- EXERCISE INSTRUCTIONS -
Starting at the first line and ending at the one with "FOTO i VIDEO", give the lines of the listing again exactly, and nothing else; skip the pictures.
BEGIN PROVIDED DATA
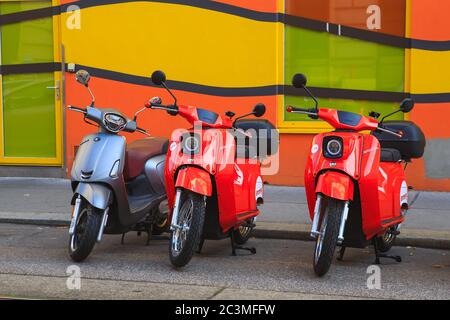 Wien, Österreich - 27. Oktober 2019: Die Elektroroller der Marke 'Schwalbe' und Kymco Like stehen am Straßenrand. Emmy Elektro-Scooter für Sha Stockfoto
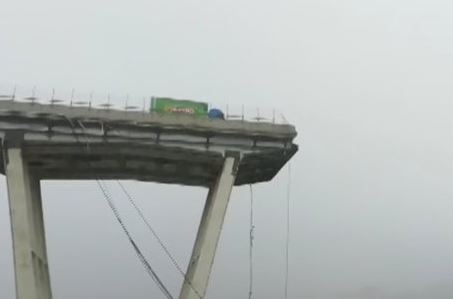 FOTO i VIDEO – Kamion se zaustavio u zadnji čas na mostu koji se srušio: Bio na korak od provalije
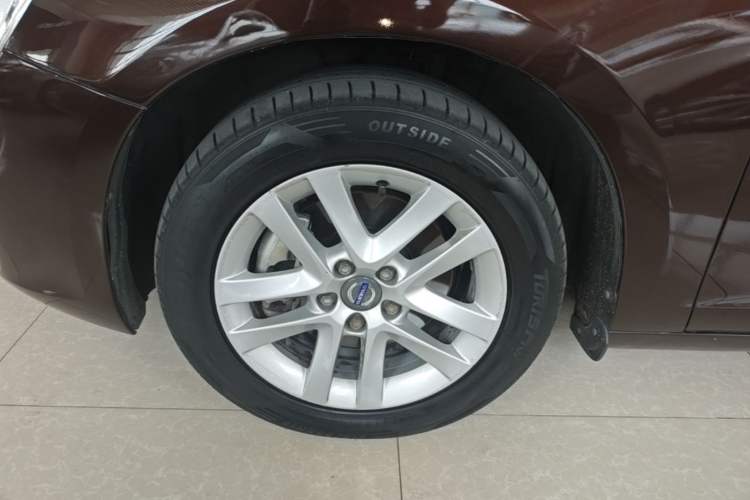 Used Volvo S60 2017 S60L T3 Smart Upgrade Edition Left Front Wheel Hub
END PROVIDED DATA
- RESPONSE BELOW -
 Wien, Österreich - 27. Oktober 2019: Die Elektroroller der Marke 'Schwalbe' und Kymco Like stehen am Straßenrand. Emmy Elektro-Scooter für Sha Stockfoto
 FOTO i VIDEO – Kamion se zaustavio u zadnji čas na mostu koji se srušio: Bio na korak od provalije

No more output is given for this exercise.